Attention is a complex cognitive function that not only demands a great deal of concentration but also the ability not to allow stimuli to distract us. If we allow ourselves to be distracted by the flight of a fly, we will lose concentration, we will likely make more mistakes and the task will become more difficult, in addition to consuming more time.
For that reason, the ability to block out irrelevant information while performing a task or solving a problem is essential. This ability is called interference resistance and, in a world that generates a veritable avalanche of stimuli – both digital and analogic – it is increasingly essential to maintain focus, be productive or simply connect with the person in front of us.
Researchers at the University of Florida analyzed differences between bilingual and monolingual people in attention control and the ability to ignore task-irrelevant information.
They designed a novel experiment in the area of Psycholinguistics to evaluate the participants’ abilities to manage incoming information and control their attention. Basically, people were faced with different situations in which objects changed color and moved up or down or to the right or left, so to give the correct answer, they had to ignore some of those factors.
Thus, they discovered that bilingual people were more effective at ignoring irrelevant data. And everything seems to indicate that they not only suppress or inhibit that information, which would imply a greater cognitive cost, but that they discard it. By pretending it doesn’t exist, your brain can focus on the activity at hand, without having to suffer for repressing content from consciousness.
Why do bilingual people ignore irrelevant information more effectively?

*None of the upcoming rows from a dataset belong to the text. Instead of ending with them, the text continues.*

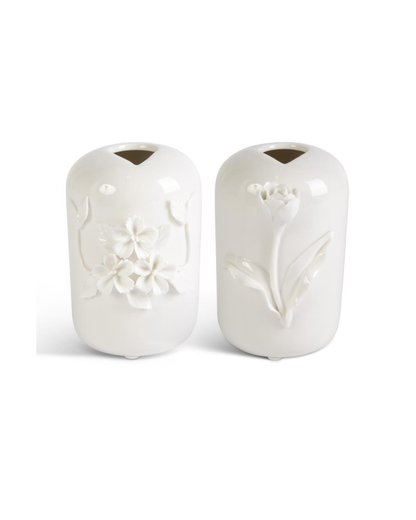 Tall White Ceramic Vase with Raised Flowers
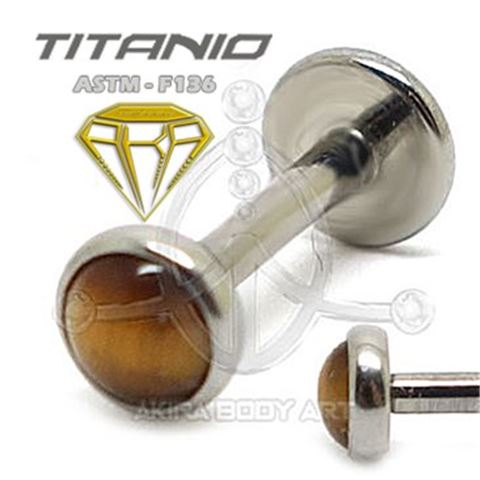 Titanium Labret INTERNAL THREAD - TIGER EYE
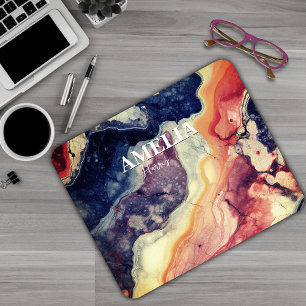 Elegant blauw rood marmer kunst girly monogram muismat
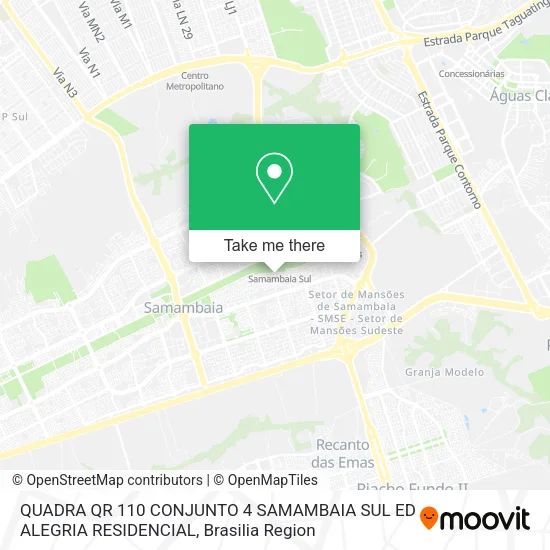 QUADRA QR 110 CONJUNTO 4  SAMAMBAIA SUL ED  ALEGRIA RESIDENCIAL map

The explanation is simple: bilingual people are often forced to continually change languages, even within the framework of the same conversation to address different interlocutors. Therefore, they learn to divert their attention from the language they do not use and quickly switch.
For example, if someone who speaks English and Spanish is having a conversation in English, both languages are active in his brain, but Spanish is put “on hold,” ready to reactivate when necessary.
This kind of switch between one language and another allows them to develop greater resistance to interference, optimizing their ability to “attentionally disconnect.” That means that learning a second language transforms the way our brain works, making its processes more efficient.
deMeurisse, G. & Kaan, E. (2023) Bilingual attentional control: Evidence from the Partial Repetition Cost paradigm. Bilingualism: Language and Cognition; 1-11: 10.1017.